• What the exercise asks: Using the records below, write out only the lines from the line containing "Wasted Youth Club" up to and including the line containing "Significado do nome Edjanio", exactly, with no pictures.

• Records to use:
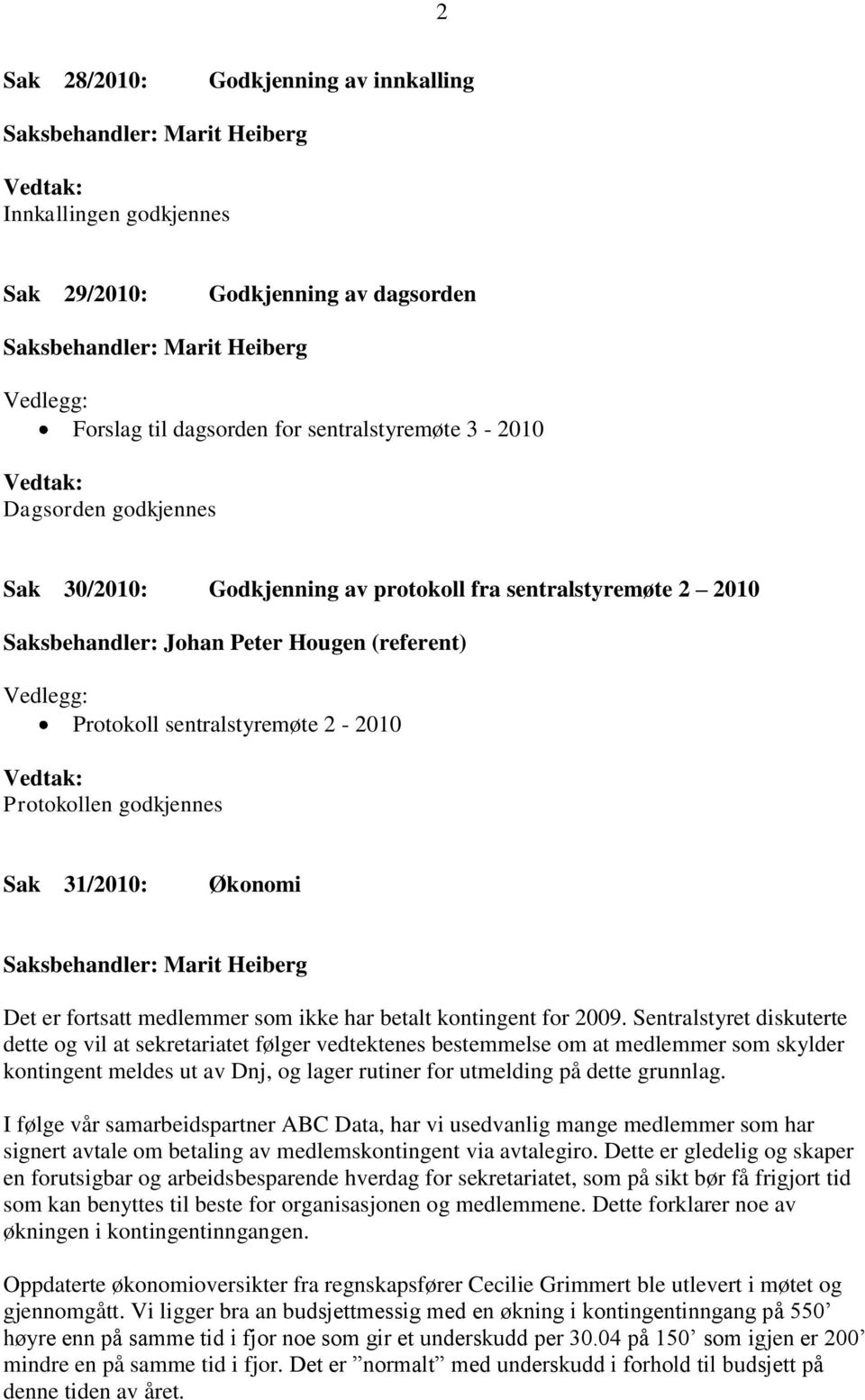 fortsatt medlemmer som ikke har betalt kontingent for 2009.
* * *
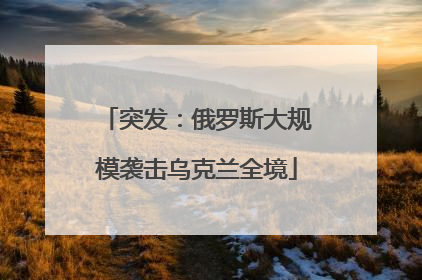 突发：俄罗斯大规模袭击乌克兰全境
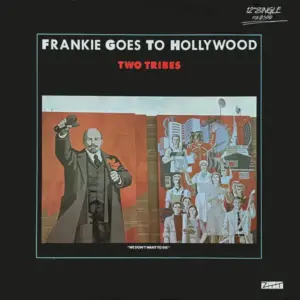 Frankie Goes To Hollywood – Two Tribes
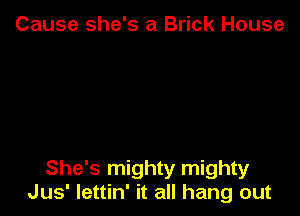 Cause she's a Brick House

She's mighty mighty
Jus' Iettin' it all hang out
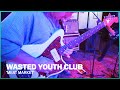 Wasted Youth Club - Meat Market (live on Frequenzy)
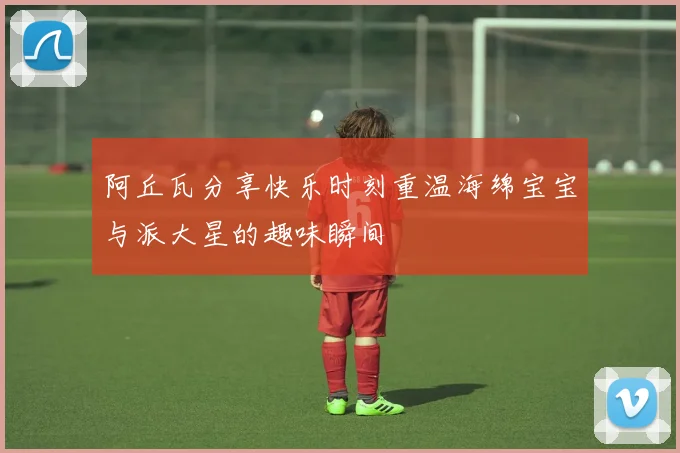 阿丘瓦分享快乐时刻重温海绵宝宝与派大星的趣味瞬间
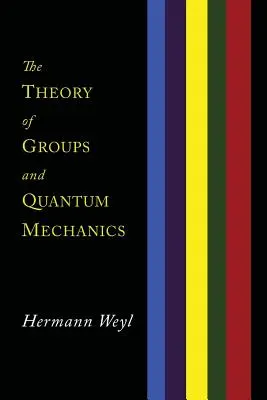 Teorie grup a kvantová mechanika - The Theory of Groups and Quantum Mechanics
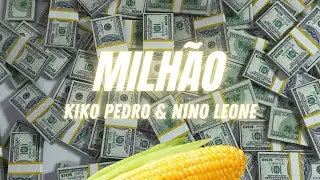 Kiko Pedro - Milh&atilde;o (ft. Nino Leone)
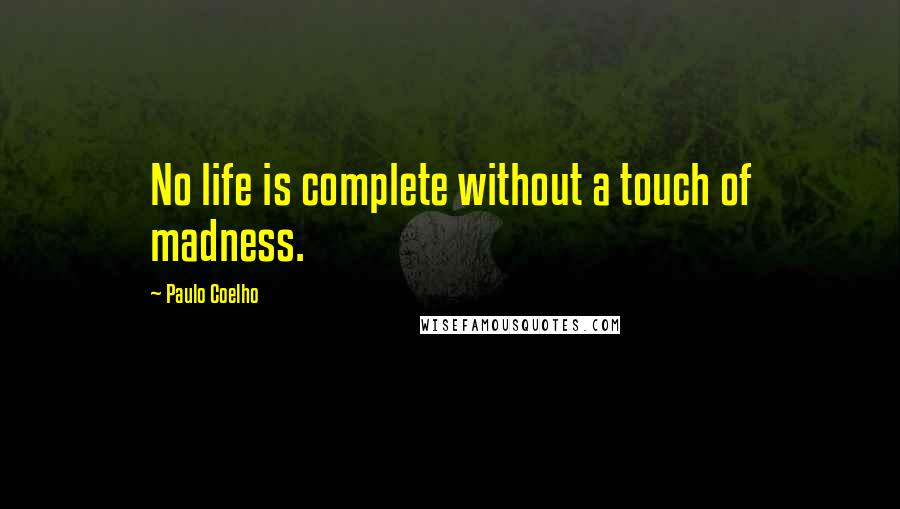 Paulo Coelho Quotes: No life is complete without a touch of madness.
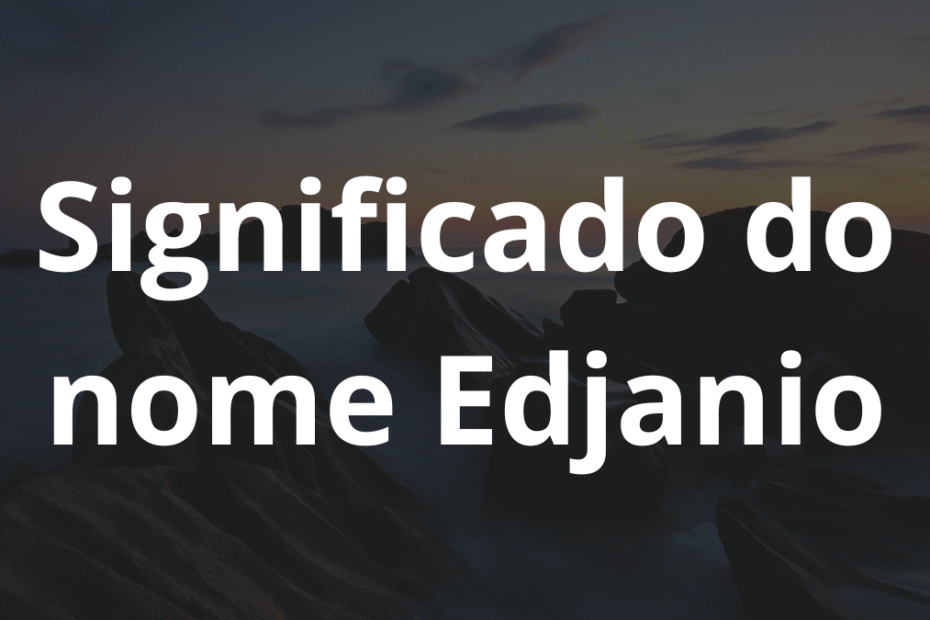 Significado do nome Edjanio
---
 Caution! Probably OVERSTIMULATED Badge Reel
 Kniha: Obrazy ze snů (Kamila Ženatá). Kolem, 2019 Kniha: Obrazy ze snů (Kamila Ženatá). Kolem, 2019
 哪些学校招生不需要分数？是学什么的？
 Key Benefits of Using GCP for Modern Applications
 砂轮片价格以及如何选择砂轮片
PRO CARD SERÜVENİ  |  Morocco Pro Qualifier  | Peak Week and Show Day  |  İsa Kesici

• The answer:
 Wasted Youth Club - Meat Market (live on Frequenzy)
 阿丘瓦分享快乐时刻重温海绵宝宝与派大星的趣味瞬间
 Teorie grup a kvantová mechanika - The Theory of Groups and Quantum Mechanics
 Kiko Pedro - Milh&atilde;o (ft. Nino Leone)
 Paulo Coelho Quotes: No life is complete without a touch of madness.
 Significado do nome Edjanio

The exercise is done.